Иосиф Бродский: «Прежде всего имею в виду ее синтаксическую беспрецедентность, позволяющую – скорей, заставляющую – ее в стихе договаривать все до самого конца. Кальвинизм в принципе чрезвычайно простая вещь: это весьма жесткие счеты человека с самим собой, со своей совестью, сознанием. В этом смысле, между прочим, и Достоевский кaльвиниcт. Кальвинист – это, коротко говоря, человек, постоянно творящий над собой некий вариант Страшного суда – как бы в отсутствие (или же не дожидаясь) Всемогущего. В этом смысле второго такого поэта в России нет».
Вершить Страшный суд ежечасно над собой в своем творчестве – задача в принципе выполнимая, если подразумевать под ним (Страшным судом) неколебимое следование определенным поэтическим константам (которые не всегда совпадают с нравственными). «Жесткие счеты человека с самим собой, со своей совестью, сознанием» становятся во многом и жесткими счетами с окружающим его миром, людьми. Другое дело, что возникает опасность войти в конфликт с системой, с режимом, победа над которыми может быть одержана лишь подсознательно, на уровне психики и психологии. Невротические и суицидальные состояния, психопатия, предельная асоциальность, а также знакомство с советской психиатрией становятся своеобразным парафразом такого аскетического подвига, как юродство.
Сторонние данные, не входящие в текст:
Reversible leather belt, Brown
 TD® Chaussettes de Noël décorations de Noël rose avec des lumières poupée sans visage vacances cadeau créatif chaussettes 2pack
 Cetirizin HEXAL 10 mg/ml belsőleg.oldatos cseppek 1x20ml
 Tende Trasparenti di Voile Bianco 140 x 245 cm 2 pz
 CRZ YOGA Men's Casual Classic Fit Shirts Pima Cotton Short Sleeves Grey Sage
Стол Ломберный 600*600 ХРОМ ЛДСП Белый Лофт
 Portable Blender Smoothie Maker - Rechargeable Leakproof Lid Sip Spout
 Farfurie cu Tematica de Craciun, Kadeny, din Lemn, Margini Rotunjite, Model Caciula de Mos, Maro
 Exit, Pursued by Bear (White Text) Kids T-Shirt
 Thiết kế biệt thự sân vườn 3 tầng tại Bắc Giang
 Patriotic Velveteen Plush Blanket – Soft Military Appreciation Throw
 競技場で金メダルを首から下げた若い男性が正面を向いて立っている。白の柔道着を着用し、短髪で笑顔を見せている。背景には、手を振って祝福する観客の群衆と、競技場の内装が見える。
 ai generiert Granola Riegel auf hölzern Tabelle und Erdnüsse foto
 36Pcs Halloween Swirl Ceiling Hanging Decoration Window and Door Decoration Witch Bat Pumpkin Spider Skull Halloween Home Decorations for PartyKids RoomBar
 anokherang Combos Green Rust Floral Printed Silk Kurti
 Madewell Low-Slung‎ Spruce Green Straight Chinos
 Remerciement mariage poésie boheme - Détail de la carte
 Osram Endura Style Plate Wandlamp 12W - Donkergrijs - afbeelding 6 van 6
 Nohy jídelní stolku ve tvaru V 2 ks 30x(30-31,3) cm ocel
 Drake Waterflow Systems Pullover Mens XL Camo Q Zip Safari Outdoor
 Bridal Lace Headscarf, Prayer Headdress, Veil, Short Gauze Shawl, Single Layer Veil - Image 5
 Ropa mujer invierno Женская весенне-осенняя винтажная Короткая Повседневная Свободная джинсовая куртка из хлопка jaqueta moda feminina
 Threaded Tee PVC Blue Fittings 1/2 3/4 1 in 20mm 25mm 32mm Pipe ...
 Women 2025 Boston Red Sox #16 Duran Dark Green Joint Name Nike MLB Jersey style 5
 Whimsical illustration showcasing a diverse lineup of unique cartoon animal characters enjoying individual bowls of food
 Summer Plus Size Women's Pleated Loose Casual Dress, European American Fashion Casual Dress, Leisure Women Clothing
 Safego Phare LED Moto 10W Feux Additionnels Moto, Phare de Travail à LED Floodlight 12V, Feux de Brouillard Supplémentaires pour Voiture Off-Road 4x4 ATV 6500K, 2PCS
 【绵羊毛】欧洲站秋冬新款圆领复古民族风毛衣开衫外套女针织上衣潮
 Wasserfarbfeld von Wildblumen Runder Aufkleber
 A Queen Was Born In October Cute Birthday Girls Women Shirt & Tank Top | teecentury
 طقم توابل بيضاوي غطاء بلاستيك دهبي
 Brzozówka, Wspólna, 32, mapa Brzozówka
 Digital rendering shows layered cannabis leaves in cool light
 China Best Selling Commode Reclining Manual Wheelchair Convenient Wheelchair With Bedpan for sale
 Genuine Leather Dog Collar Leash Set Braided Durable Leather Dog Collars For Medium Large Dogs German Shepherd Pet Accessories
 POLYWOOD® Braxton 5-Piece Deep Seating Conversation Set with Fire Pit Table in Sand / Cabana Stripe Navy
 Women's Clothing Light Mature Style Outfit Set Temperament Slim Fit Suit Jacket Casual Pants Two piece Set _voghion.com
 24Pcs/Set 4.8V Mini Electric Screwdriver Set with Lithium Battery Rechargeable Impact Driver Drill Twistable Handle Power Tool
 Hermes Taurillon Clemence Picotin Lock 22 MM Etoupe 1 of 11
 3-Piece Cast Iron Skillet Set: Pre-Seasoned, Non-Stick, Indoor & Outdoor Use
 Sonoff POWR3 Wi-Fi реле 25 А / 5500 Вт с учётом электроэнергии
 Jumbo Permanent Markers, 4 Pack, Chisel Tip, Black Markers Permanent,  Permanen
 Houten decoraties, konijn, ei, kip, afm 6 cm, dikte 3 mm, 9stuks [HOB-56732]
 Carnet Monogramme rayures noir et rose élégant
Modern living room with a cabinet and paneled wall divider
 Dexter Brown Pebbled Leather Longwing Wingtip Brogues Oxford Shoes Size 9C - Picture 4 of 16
Вспомним «юродствовавших» в 1951 году в стенах ЛГУ имени Жданова студентов-филологов Михаила Красильникова, Юрия Михайлова, Эдуарда Кондратова. Косоворотки, перепоясанные бечевкой, посконные брюки, заправленные в сапоги, гусиные перья за ухом, деревянные плошки с квасом есть не что иное, как опыт деформации сознания в рамках советского имперского стиля начала 50-х, попытка слома стереотипов через доведение их до абсурда. Хоровое пение русских народных песен, чтение стихов на Невском, купание в Неве во время первого ледохода были не столько протестом (режим воспринимал это именно как протест), сколько поиском свободы собственного творческого волеизъявления вопреки обезличенной, однообразной, заидеологизированной официальной культуре, в которой не было места именно юродству – желанию казаться безумным в безумной же стране, что в результате («минус» на «минус» дает «плюс») приводило к нормальности и нравственной чистоте. Хранение себя, порой производящее на окружающих впечатление крайнего индивидуализма и эгоизма, позволяло сосредоточиться на том единственном знании об истине (поэтической в том числе), которое получено путем непрерывной внутренней работы, путем собеседования с текстом, постижения его законов и, как следствие, обнаружения в нем Пространства и Времени.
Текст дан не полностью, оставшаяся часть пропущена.